Linggabuana juga sering disebut Maharaja karena wilayah kekuasaannya di tatar Sunda sama dengan kekuasaan Purnawarman.dalam Pustaka Nagarakertabhumi parwa 1 sarga 4 disebut Maharaja Linggabhuwanawisesa.
Prabu Wangi Linggabuanawisesa Maharaja mempunyai 4 orang anak dari isterinya Dewi Laralinsing yang pertama yakni Citraresmi Dyah pithalok (ikut gugur dalam bela pati di palataran Bubat) nanknya yang kedua dan ketiga meninggal dalam usia 1 tahun dan anaknya yang bungsu bernama Niskala Wastu Kancana.
Linggabuana dan anaknya Citraresmi dikisahkan dalam fragmen carita Parahyangan. Walaupun tidak tertalu banyak namun telah menunjukan bahwa beliau merupakan tokoh utama dalam carita tersebut.
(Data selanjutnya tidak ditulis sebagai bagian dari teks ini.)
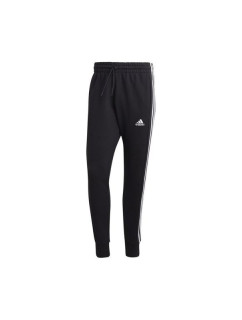 Kalhoty adidas Essentials French Terry Tapered Cuff 3-Stripes M HA4337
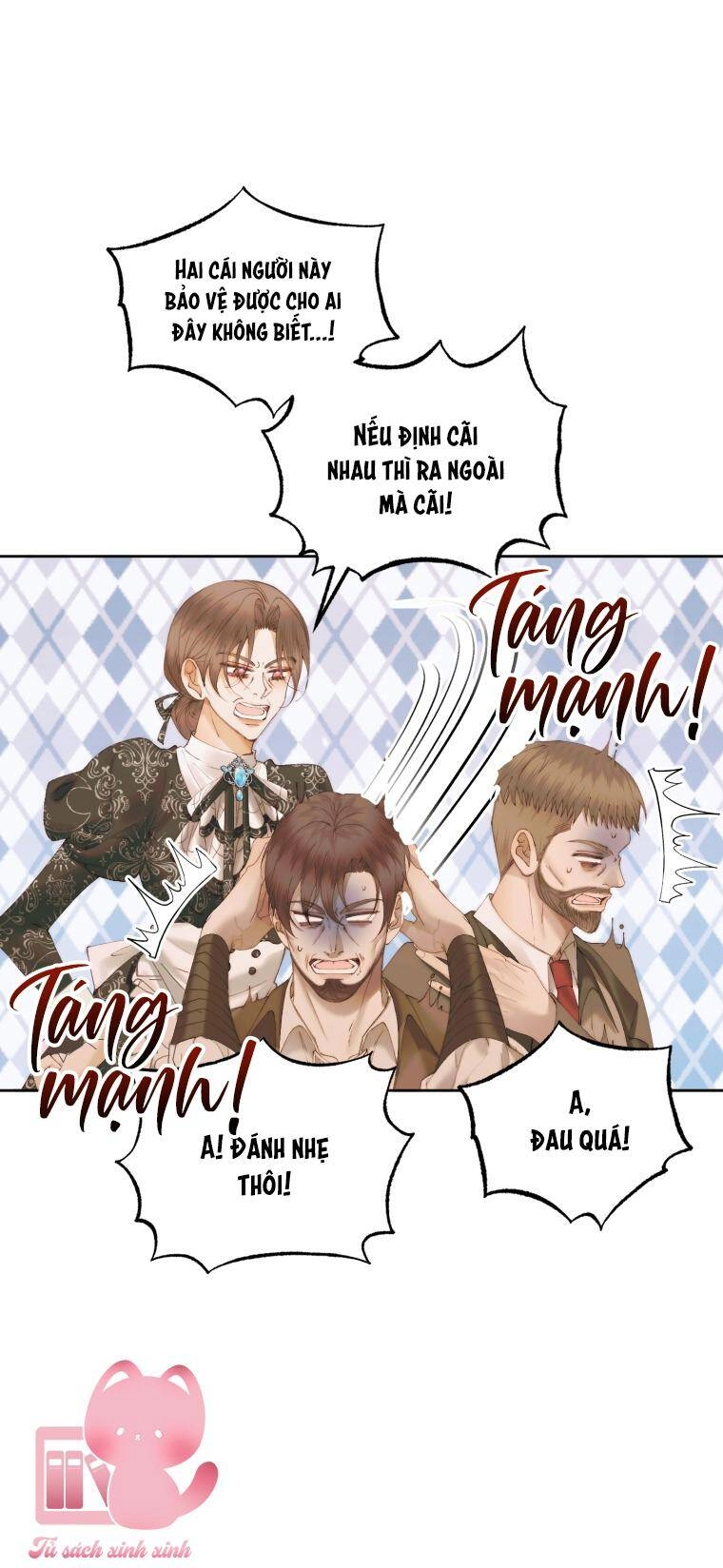 Siren: Trở Thành Gia Đình Của Nhân Vật Phản Diện Chapter 53 - 20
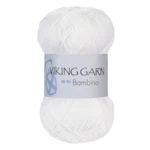 Viking Bambino 400 Hvid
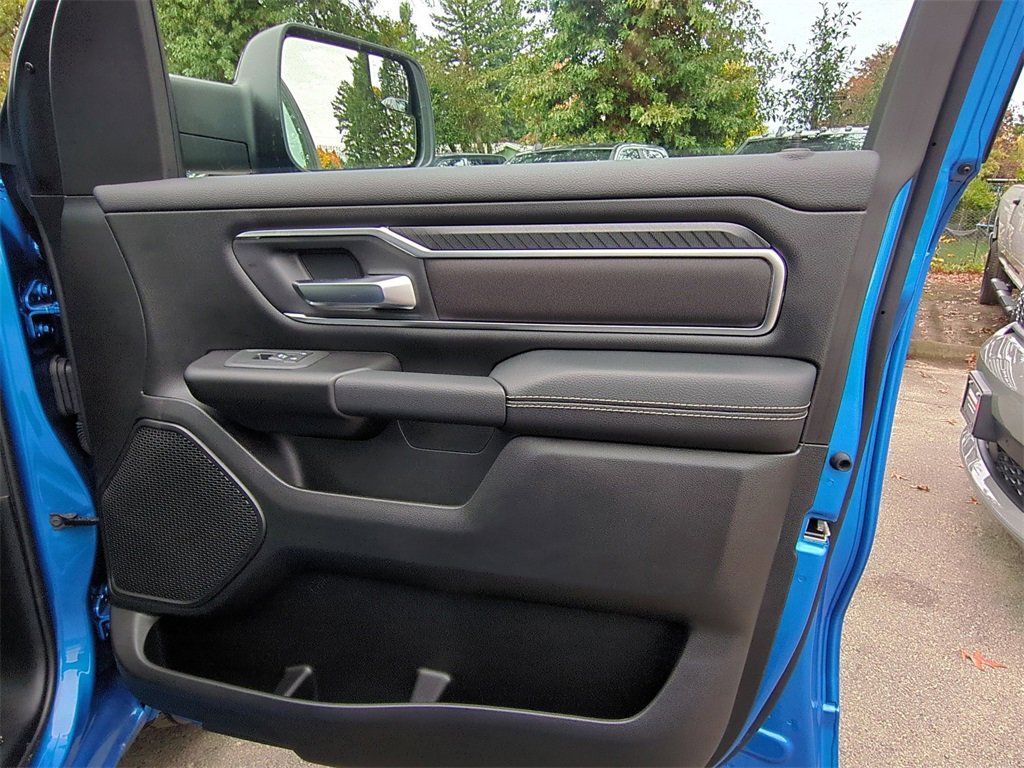New 2026 RAM 1500 Big Horn image 22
- Boga anak, prebu Maharaja, lawasnya jadi ratu 7 taun, lantaran keuna ku musibat, kabawa ku cilaka anak na, ngaran tohaan, menta gede pameulina.
- Urang rea asalna indit ka Jawa, da embung boga salaki di Sunda, heug wae perang di Majapahit.
Hal yang bisa generasi orang sunda sekarang dari seorang raja di Tatar Sunda bernama Prabu Wangi Linggabhuwanawisesa Maharaja adalah :
- Sikap kepahlawanan beliau sebagai kepala negara atau raja yang tak mau dijajah dan dianggap sebagai negara bawahan walaupun harus mengorbankan nyawanya.
- Sikap seorang kepala keluarga atau ayah yang menginginkan anaknya bahagia dengan calon pilihanya walaupun harus mengesampingkan ego pribadi dengan mengantarkan anaknya untuk menikah di Majapahit.
- Gugurnya beliau mengingatkan kita bahwasanya orang Sunda itu bukan sekedar bangsa yang lemah dan sumuhun dawuh pada keinginan penguasa. tidak takut berbuat benar meski harus menentang kekuatan yang lebih besar.